Why? Why did I bother with the pretenders? Asda is truly the king of clippy.
Countless expensive marketing surveys have concluded it cuts more prices than any other supermarket, so why have I been scrabbling around elsewhere for bargains when all along, they were there on my doorstep?
Four beers, four quid. Simple as that. And they're not duffers too, by the looks of it. One's a porter, two are golden ales and the other's a double-dropped best bitter.
There is an element of the nativity about this, if I can blaspheme for a minute. I've been Artaban, the fourth 'wise' man who turned up late at the meeting point because he was tending to some sickly stranger and ended up missing out on the gig. Was it my calling to be tested by the fakers instead of forging on with the quest, to be thus cruelly denied the chance of greeting the King?
Unlikely, isn't it? But I do feel I've had some kind of epiphany. Asda had a great selection, most of which were on three-for-four quid offer and some priced at the ludicrously low sum of one pound. Nowhere have I been more spoiled for choice or so uncertain of what actually constituted the best deal than at Walmart's finest.
So there you have it, folks. If you want cheap beer, go to Asda. Now all that remains is the small but not insignificant matter of tasting one of the offerings.

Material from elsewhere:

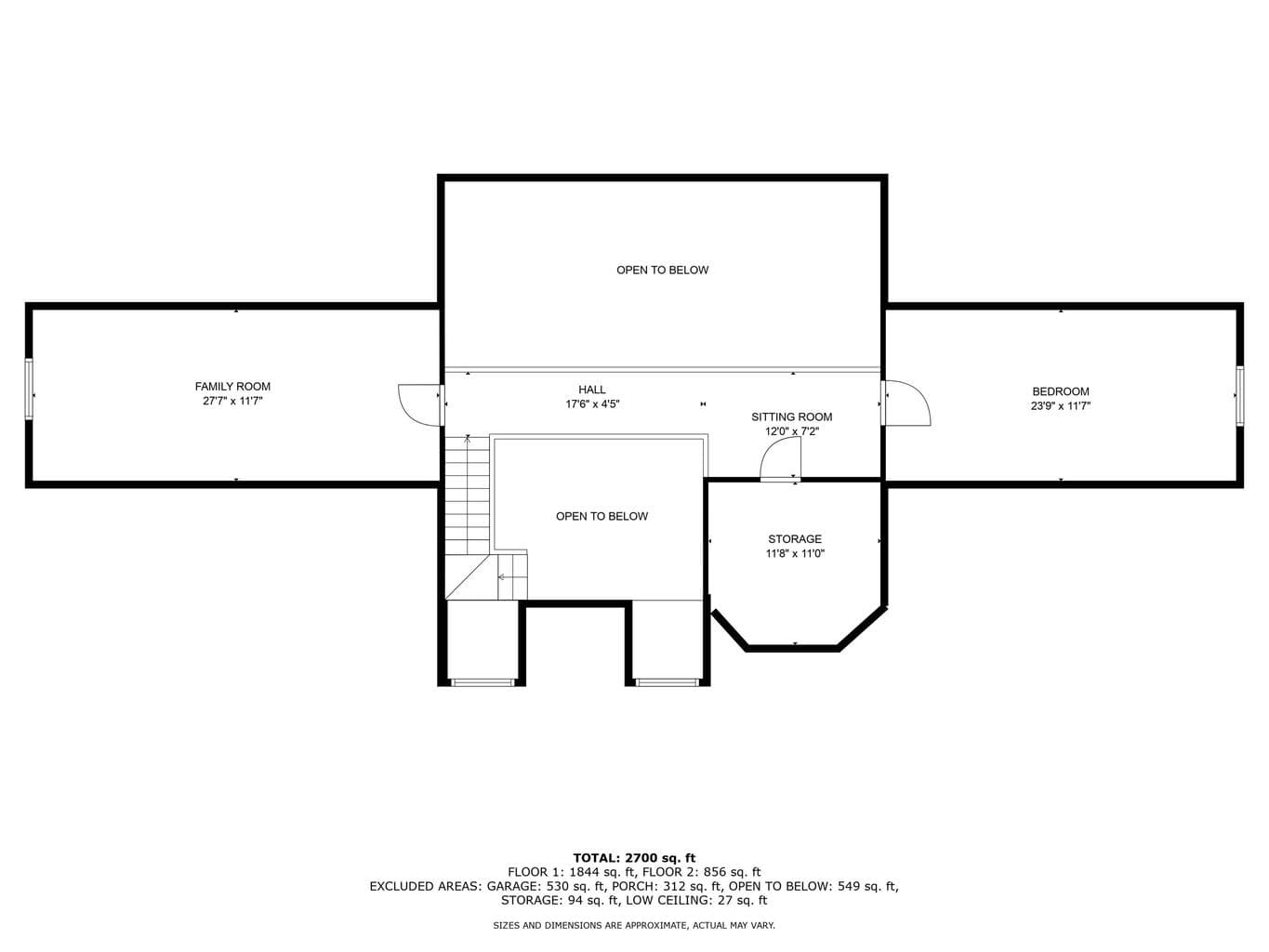 Photo of 6187 SW Jaguar Avenue 42 of 122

Beer: Asda Golden Ale (brewed by Shepherd Neame)
Country: Kent, England
Strength: A princely 4.5%
Colour: Gold, frankinsense and myrrh
Smell: Fruity, flowery, honeyed and citrusy. So a pint of Lemsip, then.
Circumstance: End of another long old slog today. This time involving work, Christmas shopping, sorting, child ferrying, wardrobe shifting and tidying. All carried out with a grossly unfair bout of catarrh.
Tasting notes: Oh, this is very good. It's not like the flock of golden ales I pilloried a few weeks ago. Oh no. This is fantastic. It has a lovely, citrusy, biscuity sharpness that's followed by a gush of honey-tinged mellowness before it flatens out like Holland. Cold and bitter (no offence to the Dutch, of course, who are a great people). Hand me my spade, please. But back on topic, a fine flavour of hoppiness lingers for some time afterwards, which is highly pleasing. There's even a suggestion of northern lights in the belch, which is a terrific sensation.
Drinkability: Among the best I've tried so far this calendar. And there have been some excellent beers. I'll be off to spend a tenner on this come payday.
Gut reaction: Who cares? I'll happily rattle out the rectum Revels all day long in return for this frankly top-notch ale.
Session factor: Higher than an ace. It's on the robust side, but think on... it's still weaker than most lagers and is only just stronger than Carling Black Label. You see.
VFM: 9.8. Would have been good value even had it been cack, but for a quid a bottle, you cannot go wrong with this. I'm massively impressed with the amount of flavour and strength available to the beer-buying public for only one pound sterling.